Capsicum vs Pledge in a Network Management Tool

So one of the big goals of dhcpcd was to implement Privilege Separation. This was achieved in dhcpcd-9 which was important because it was a required step of work to merge dhcpcd into FreeBSD base system. Once done, we can then look at what is required to enable Capsicum support, which is the last required step before dhcpcd can even be considered for importing into FreeBSD base system.

The good news is that basic Capsicum support has been enabled in this commit by ensuring all the file descriptors of the network facing processes are limited in their capability. The bad news is that capability mode is only enabled for the BPF processes- the end goal is that the master process is at least placed in capability mode.

So what’s the problem? Well, the first problem is that Capsicum is really hard to use, a lot of this is not helped by the documentation. It took a long time to work out how it works and how to use it. The second problem is that capability mode is really hard core- it stops a lot of stuff working dead in it’s tracks by killing access not capability limited in the global namespace.

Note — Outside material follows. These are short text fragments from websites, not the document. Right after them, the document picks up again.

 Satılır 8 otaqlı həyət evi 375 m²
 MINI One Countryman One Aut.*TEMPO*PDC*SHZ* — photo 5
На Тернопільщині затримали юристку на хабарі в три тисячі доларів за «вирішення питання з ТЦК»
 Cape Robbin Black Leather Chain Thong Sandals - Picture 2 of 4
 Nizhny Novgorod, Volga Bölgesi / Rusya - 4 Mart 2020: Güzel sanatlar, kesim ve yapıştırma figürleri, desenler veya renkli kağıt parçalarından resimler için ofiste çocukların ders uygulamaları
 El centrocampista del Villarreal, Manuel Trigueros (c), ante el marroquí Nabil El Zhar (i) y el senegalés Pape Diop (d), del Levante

From dhcpcds perspective the big issue is that gethostname(3) and getifaddrs(3) won’t work. This is the biggest show stopper, hard to IPC.

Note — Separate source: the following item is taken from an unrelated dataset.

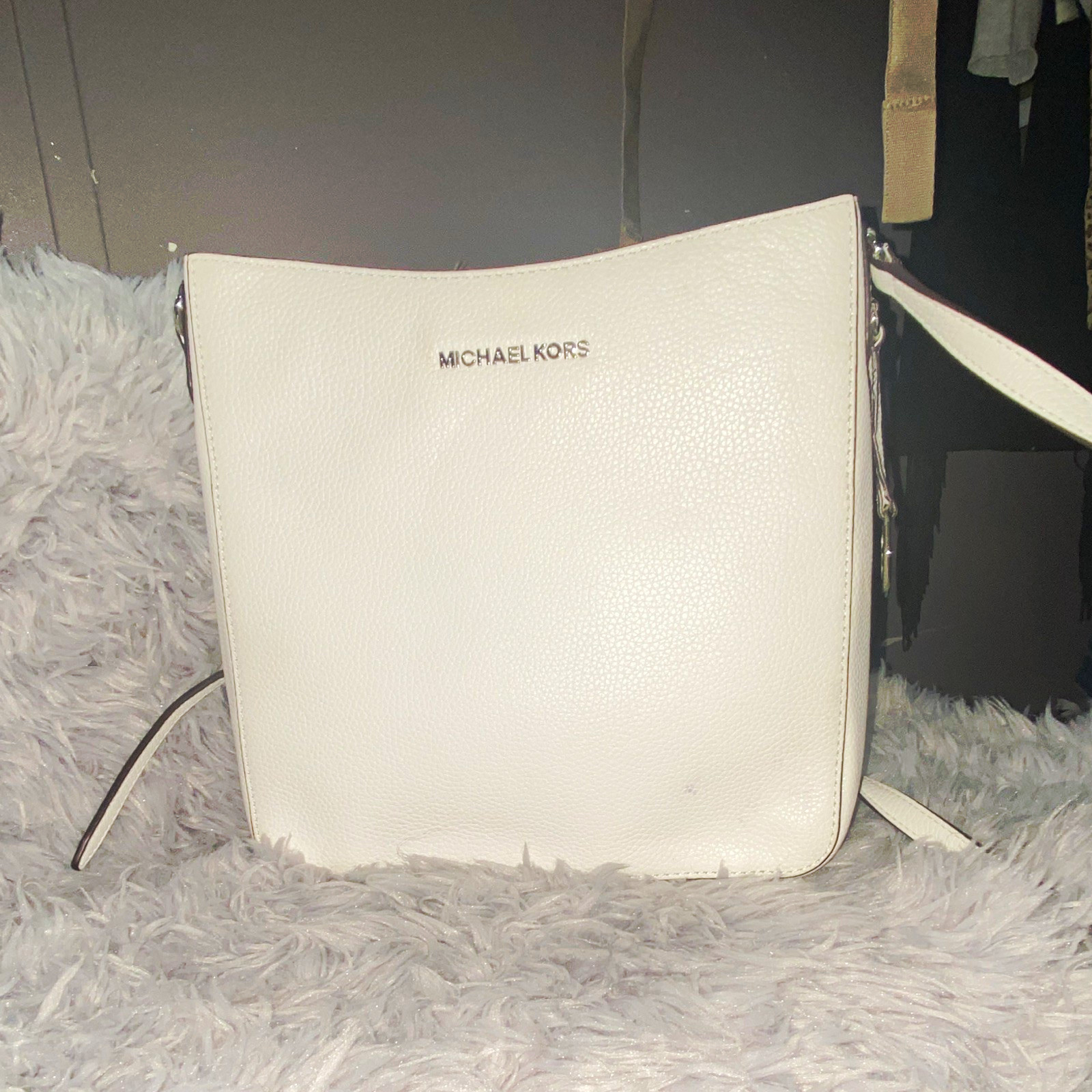 Michael Kors White Medium Shoulder Bag Zip Adjustable Strap Inner Pockets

EDIT: gethostname(3) does work in Capsicum capabilities mode.

Let’s just take a moment to talk about getifaddrs(3)- it’s a really powerful interface to work out what interfaces are available to work with. In some OS it’s the only mechanism to get the hardware address assigned to an interface. Also, it’s possible for the route(4) (or netlink(7)) socket to overflow so it’s required to re-learn the system state which means it cannot be cached. Not that FreeBSD supports reporting route(4) overflow, but that’s another story.

Due to the getifaddrs(3) show stopper, I decided to look into OpenBSDs pledge(2). While the documentation is still very technical, it’s easier to read and understand compared to Capsicum. It’s also really really really easy to implement in comparison as you only pledge features rather than each file descriptor. Because of this, it’s also very granular. The initial commit to enable pledge is mainly allowing the current ioctl IPC framework to pass data back again.

But can we do better? Can we operate with the same Pledges that OpenBSDs dhclient(8) uses? The answer is of course YES! By caching some initial data that does not change such as utsname and machine uuid AND moving all file IO to privsep, this commit allows almost perfect Pledge support. We could go better if privsep gains support for the SIOCGIFGROUP ioctl as this would allow the inet pledge to be dropped. It’s not quite perfect because a Pledged process cannot change a BPF filter. We would need to space a BPF process per address which is then limited by the number of BPF instances you are allowed. I’m not sure this a good thing, and ironically BPF processes are the one thing we have in Capsicums capability mode. This is also a massive improvement over the initial dhcpcd-9 release because it means we no longer need any files in the chroot directory and /var/empty can be used again. This alone should make current and new FreeBSD users of dhcpcd quite happy. It will also go some way to enabling capabilities mode for the master dhcpcd process in the future.

Now, I can’t say which technology is more secure- that’s really not my field of expertise. I can’t even say if either are really needed or actually make security worse because Privilege Separation IPC adds more code, complexity and as such could make it more prone to bugs some of which could be a security attack vector in itself.

But what I can say is that Pledge is much easier to develop for because it’s really granular unlike Capsicum which is either on or off or per fd limited.

I’ll continue working on Capsicum support in dhcpcd just to see if I can enable Capabilites Mode in the master process. When that’s finished I will do a more in-depth comparison of these two technologies.